[WORK INSTRUCTION]
Word for word, set down every line of the entries below from the line with "Lake House NEW" to the line with "Рабочая станция SG.254.OL.44.AN", including both, and no other line.
--- DATA FOR REVIEW Enclosed Below ---
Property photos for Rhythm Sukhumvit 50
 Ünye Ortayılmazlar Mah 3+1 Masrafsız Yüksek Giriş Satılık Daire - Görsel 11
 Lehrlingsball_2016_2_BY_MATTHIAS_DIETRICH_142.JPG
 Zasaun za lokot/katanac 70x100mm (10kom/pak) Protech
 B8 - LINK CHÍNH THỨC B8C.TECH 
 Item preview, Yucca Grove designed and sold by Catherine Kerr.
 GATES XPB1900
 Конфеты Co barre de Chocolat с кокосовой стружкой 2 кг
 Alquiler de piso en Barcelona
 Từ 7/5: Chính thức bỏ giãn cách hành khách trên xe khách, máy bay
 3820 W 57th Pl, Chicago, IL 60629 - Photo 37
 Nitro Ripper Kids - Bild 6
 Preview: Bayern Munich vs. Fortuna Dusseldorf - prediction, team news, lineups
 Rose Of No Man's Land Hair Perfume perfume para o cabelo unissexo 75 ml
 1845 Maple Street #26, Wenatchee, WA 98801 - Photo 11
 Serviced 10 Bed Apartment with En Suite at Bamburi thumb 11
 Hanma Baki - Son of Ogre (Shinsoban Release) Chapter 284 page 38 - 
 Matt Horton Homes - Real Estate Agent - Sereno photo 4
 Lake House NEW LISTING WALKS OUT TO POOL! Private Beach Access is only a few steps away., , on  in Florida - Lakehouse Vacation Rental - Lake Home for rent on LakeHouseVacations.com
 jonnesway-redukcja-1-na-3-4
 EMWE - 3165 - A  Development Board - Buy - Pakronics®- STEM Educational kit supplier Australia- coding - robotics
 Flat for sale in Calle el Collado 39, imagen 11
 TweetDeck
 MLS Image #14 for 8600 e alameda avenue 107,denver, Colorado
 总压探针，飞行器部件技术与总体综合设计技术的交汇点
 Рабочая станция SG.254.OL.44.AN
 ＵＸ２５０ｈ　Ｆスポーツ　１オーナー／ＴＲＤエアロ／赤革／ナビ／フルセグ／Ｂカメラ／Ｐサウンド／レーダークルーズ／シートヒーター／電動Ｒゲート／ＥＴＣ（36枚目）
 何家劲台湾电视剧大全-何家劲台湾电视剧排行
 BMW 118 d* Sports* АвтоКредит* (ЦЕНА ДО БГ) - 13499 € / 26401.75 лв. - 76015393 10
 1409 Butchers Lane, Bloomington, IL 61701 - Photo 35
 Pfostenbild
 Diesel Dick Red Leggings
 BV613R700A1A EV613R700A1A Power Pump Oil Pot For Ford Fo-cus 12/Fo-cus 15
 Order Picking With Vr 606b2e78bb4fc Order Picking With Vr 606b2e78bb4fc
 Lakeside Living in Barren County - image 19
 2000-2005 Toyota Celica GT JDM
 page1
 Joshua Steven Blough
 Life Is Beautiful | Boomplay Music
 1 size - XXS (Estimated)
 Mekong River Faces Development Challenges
--- End of Enclosed DATA FOR REVIEW ---
[SOLUTION FOR THIS EXERCISE]
 Lake House NEW LISTING WALKS OUT TO POOL! Private Beach Access is only a few steps away., , on  in Florida - Lakehouse Vacation Rental - Lake Home for rent on LakeHouseVacations.com
 jonnesway-redukcja-1-na-3-4
 EMWE - 3165 - A  Development Board - Buy - Pakronics®- STEM Educational kit supplier Australia- coding - robotics
 Flat for sale in Calle el Collado 39, imagen 11
 TweetDeck
 MLS Image #14 for 8600 e alameda avenue 107,denver, Colorado
 总压探针，飞行器部件技术与总体综合设计技术的交汇点
 Рабочая станция SG.254.OL.44.AN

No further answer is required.